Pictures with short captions
******************************
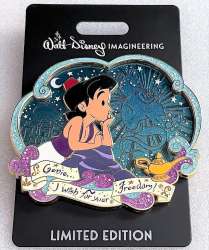Character Wishes - Series 1 (D23 Expo 2022) - Aladdin (I Wish...) - WDI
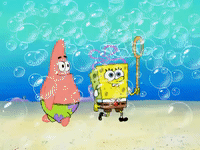 season 7 back to the past GIF by SpongeBob SquarePants
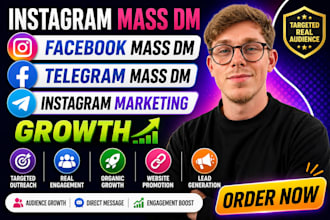 instagram mass dm facebook mass dm telegram mass dm instagram marketing growth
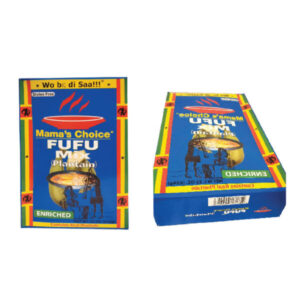 Mamas choice plantain fufu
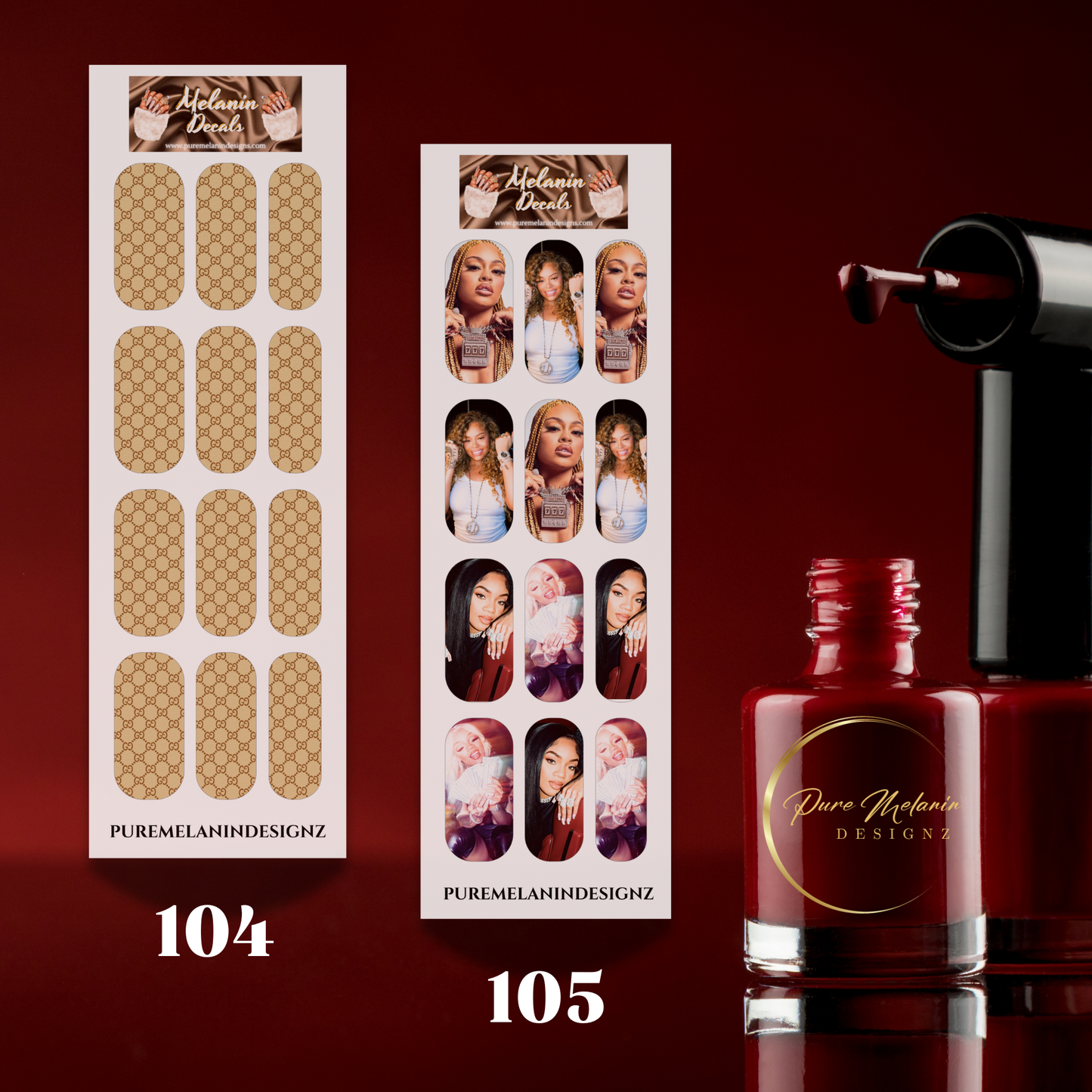Nail Decals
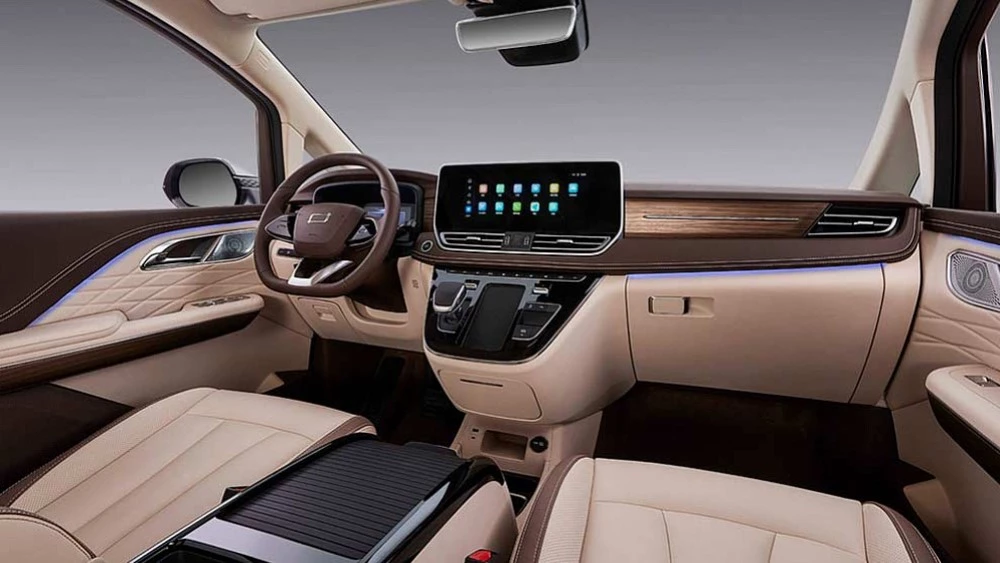 FAW Bestune M9 салон интерьер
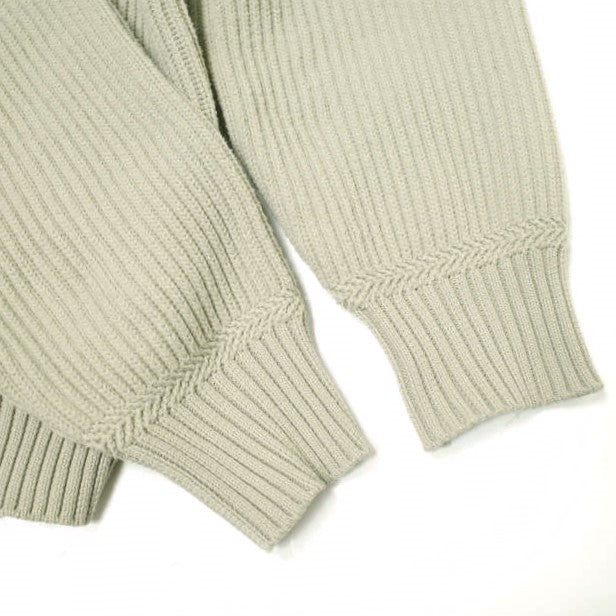 FREAK'S STORE 22AW Vネック ニット カーディガン ポリエステル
******************************
*Action item*. The lines to copy run from the line containing "season 7 back" through the end of the data above; copy exactly those, minus the pictures.

*Problem solution*.
 season 7 back to the past GIF by SpongeBob SquarePants
 instagram mass dm facebook mass dm telegram mass dm instagram marketing growth
 Mamas choice plantain fufu
Nail Decals
 FAW Bestune M9 салон интерьер
 FREAK'S STORE 22AW Vネック ニット カーディガン ポリエステル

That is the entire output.